200 def __getitem__(self,i): return self.fs[i]
/usr/local/lib/python3.7/dist-packages/fastcore/transform.py in compose_tfms(x, tfms, is_enc, reverse, **kwargs)
148 for f in tfms:
149 if not is_enc: f = f.decode
--> 150 x = f(x, **kwargs)
151 return x
152
/usr/local/lib/python3.7/dist-packages/fastai/vision/augment.py in __call__(self, b, split_idx, **kwargs)
32
33 def __call__(self, b, split_idx=None, **kwargs):
---> 34 self.before_call(b, split_idx=split_idx)
35 return super().__call__(b, split_idx=split_idx, **kwargs) if self.do else b
36
/usr/local/lib/python3.7/dist-packages/fastai/vision/augment.py in before_call(self, b, split_idx)
680 self.do = True
681 while isinstance(b, tuple): b = b[0]
--> 682 for t in self.fs: t.before_call(b)
683
684 def compose(self, tfm):
/usr/local/lib/python3.7/dist-packages/fastai/vision/augment.py in before_call(self, x)
733
734 def before_call(self, x):
--> 735 self.change = _draw_mask(x, self._def_draw, draw=self.draw, p=self.p, neutral=1., batch=self.batch)
736
737 def __call__(self, x): return x.mul_(self.change[:,None,None,None])
/usr/local/lib/python3.7/dist-packages/fastai/vision/augment.py in _draw_mask(x, def_draw, draw, p, neutral, batch)
447 "Creates mask_tensor based on `x` with `neutral` with probability `1-p`. "
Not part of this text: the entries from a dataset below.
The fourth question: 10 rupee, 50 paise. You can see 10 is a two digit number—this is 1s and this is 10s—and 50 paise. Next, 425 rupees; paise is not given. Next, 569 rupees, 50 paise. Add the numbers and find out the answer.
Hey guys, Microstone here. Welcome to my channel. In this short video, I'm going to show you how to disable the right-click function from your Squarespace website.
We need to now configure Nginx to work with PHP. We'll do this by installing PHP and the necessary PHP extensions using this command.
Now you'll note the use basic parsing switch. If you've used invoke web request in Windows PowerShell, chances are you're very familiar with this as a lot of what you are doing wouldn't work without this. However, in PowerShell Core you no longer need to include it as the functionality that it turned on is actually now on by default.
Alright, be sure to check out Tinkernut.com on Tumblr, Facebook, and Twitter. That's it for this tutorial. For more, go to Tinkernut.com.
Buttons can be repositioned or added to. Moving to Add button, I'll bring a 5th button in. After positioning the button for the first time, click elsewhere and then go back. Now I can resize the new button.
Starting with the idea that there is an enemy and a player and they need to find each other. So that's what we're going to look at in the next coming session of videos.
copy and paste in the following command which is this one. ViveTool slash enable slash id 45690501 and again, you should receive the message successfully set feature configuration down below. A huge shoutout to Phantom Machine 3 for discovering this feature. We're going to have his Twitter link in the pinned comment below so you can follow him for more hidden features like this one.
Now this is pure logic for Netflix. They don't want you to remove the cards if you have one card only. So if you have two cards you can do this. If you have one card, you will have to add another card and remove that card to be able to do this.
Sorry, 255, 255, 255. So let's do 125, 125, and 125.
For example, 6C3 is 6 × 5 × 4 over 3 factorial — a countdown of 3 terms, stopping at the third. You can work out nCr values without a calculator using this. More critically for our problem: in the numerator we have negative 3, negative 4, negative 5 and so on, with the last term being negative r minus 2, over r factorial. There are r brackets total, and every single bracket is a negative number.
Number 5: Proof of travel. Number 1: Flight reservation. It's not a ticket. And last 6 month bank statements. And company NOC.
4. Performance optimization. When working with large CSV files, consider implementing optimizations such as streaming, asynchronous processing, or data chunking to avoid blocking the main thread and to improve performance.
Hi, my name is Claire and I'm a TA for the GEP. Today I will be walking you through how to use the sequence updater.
448 if draw is None: draw=def_draw
--> 449 if callable(draw): res=draw(x)
450 elif is_listy(draw):
451 assert len(draw)>=x.size(0)
/usr/local/lib/python3.7/dist-packages/fastai/vision/augment.py in _def_draw(self, x)
728
729 def _def_draw(self, x):
--> 730 if not self.batch: res = x.new_empty(x.size(0)).uniform_(math.log(1-self.max_lighting), -math.log(1-self.max_lighting))
731 else: res = x.new_zeros(x.size(0)) + random.uniform(math.log(1-self.max_lighting), -math.log(1-self.max_lighting))
732 return torch.exp(res)
ValueError: math domain error
And I am also shown this not-so-helpful error message when I ran the DataLoading cell-
Could not do one pass in your dataloader, there is something wrong in it
Can you shed some light into what’s wrong?